Go through the listing below and repeat it exactly, omitting each picture.

*** Data provided

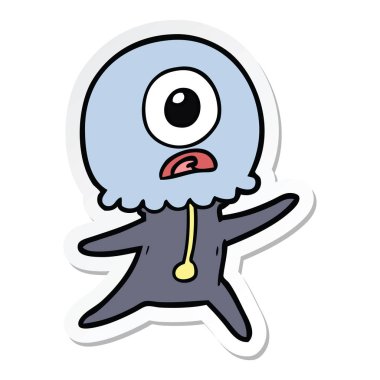 bir çizgi film Tepegöz uzaylı uzaylı etiket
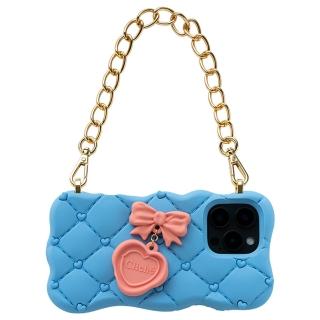【Candies】iPhone 16 Pro Max 適用6.9吋 融化愛心菱格紋晚宴包(藍)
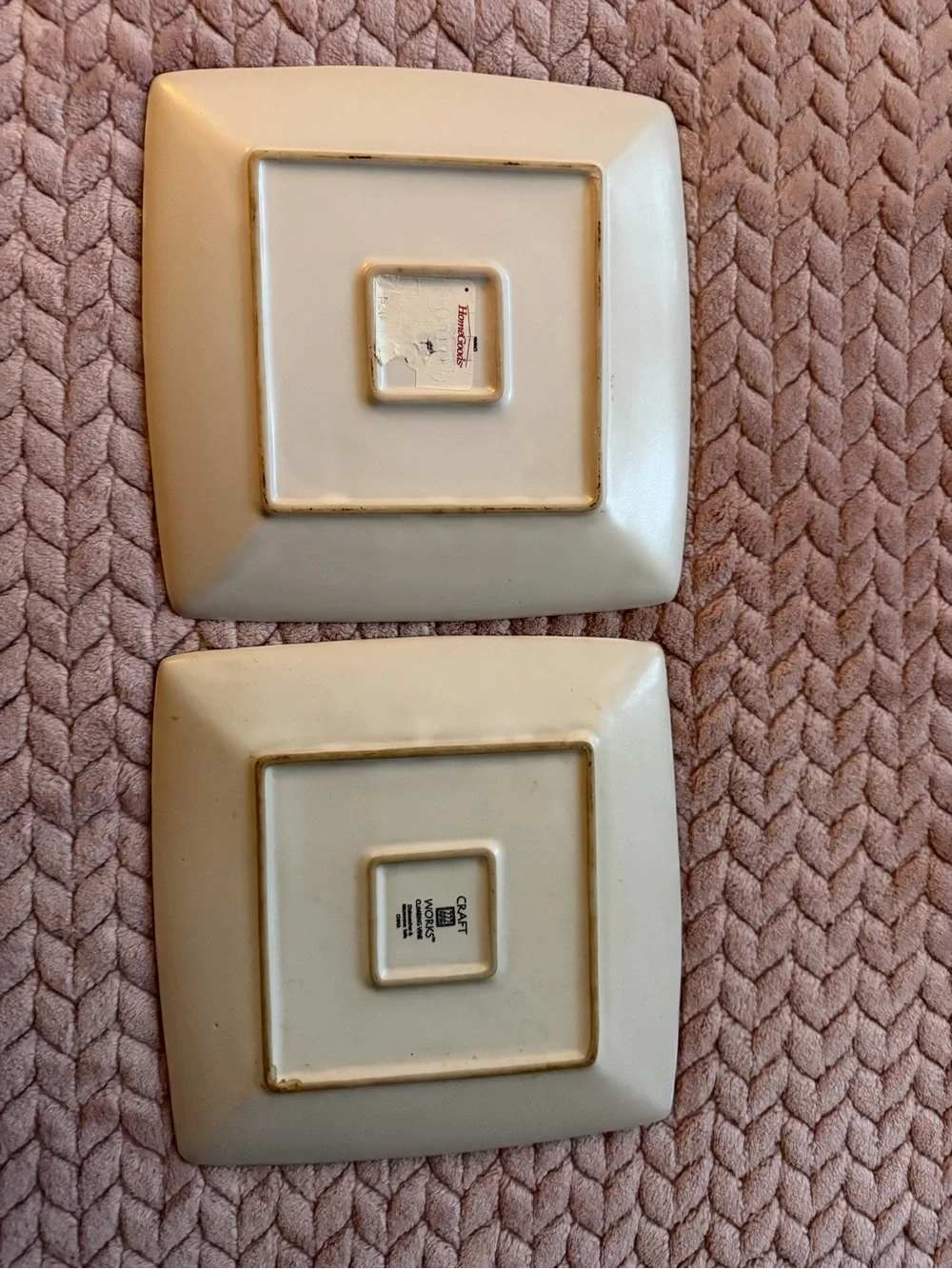 Craft Works 222 Fifth Neutral Leaf-Accent Square Dinner Plates - Set of 2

******

**Your solution:**
 bir çizgi film Tepegöz uzaylı uzaylı etiket
【Candies】iPhone 16 Pro Max 適用6.9吋 融化愛心菱格紋晚宴包(藍)
 Craft Works 222 Fifth Neutral Leaf-Accent Square Dinner Plates - Set of 2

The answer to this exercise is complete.